Contact: Lou Solomon, Interact
CHARLOTTE, NC – February 2015 – A tough performance review is uncomfortable for the employee. But the manager on the other side of the desk is likely to feel just as squeamish about delivering the news, according to a new survey conducted online among 1,120 employed U.S. workers, 616 of whom manage employees in the workplace, by Harris Poll on behalf of Interact.
It is widely known that people thrive when given expectations and feedback. If we get it right, feedback can create collaboration, a culture of connection and sustainable change. With so much to gain, why do leaders shrink from straight talk?
Because even at the leadership level, the fear of hurting people’s feelings and facing drama and retribution can cause us to behave in a way that drums up more tension. Our own nervousness causes up to tense up and over-dramatize the conversation. We set ourselves up for a fearful response with demands like, “Come in and shut the door. I need to talk to you.” We create an environment of conflict.

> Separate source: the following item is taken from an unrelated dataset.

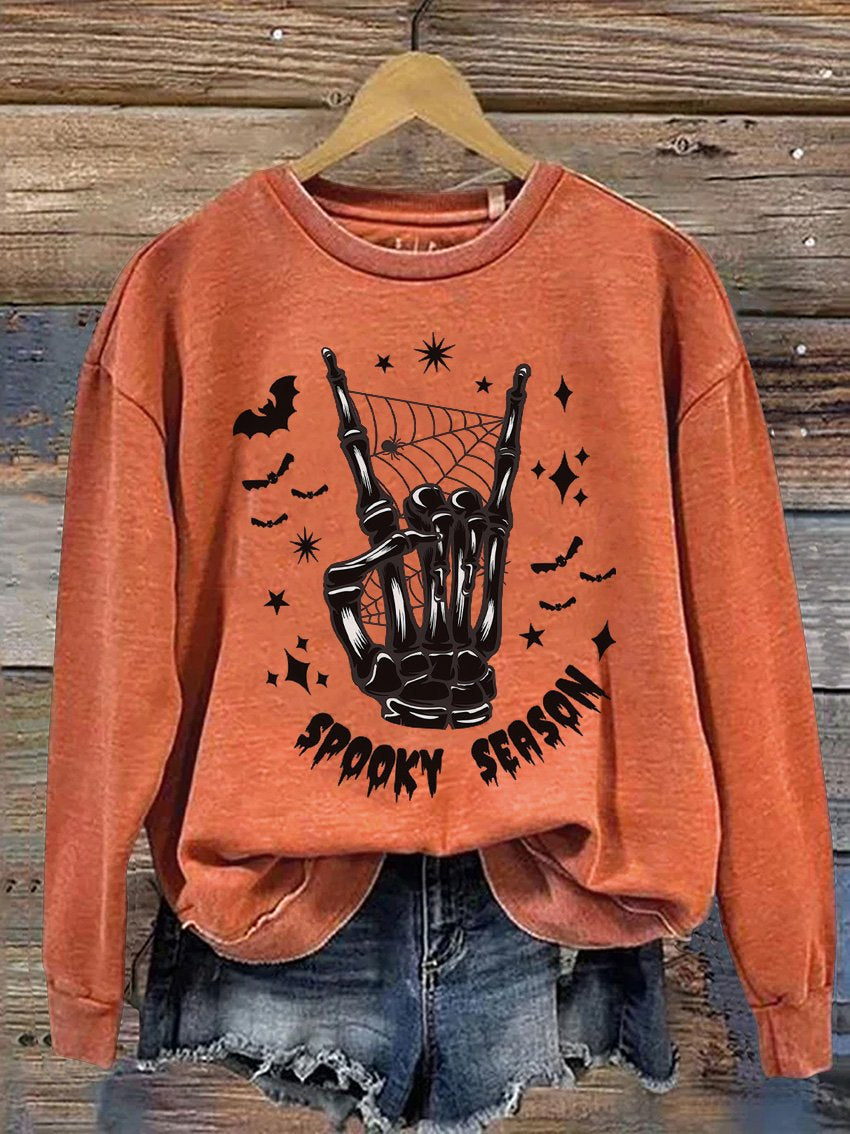 Spooky Season Skeleton Halloween Casual Print Sweatshirt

Over a third (37%) of America’s business leaders reporting they are uncomfortable having to give direct feedback/criticism about their employee’s performance that they might respond badly to.
Survey results showed that leaders who manage employees in the workplace are uncomfortable on a number of communication fronts, including:
- Demonstrating vulnerability (e.g., sharing mistakes they’ve learned from) (20%)
- Recognizing employee achievements (e.g., giving praise for a job well done) (20%)
- Delivering the “company line” in a genuine way (20%)
- Giving clear directions (19%)
- Crediting others with having good ideas (16%)
- Speaking face to face rather than by email (16%)
In their everyday interactions, leaders are clearly not making the connections with their workers that can give them a competitive advantage.
A stunning majority (69%) of managers say there is something about their role as a leader that makes them uncomfortable communicating with their employees.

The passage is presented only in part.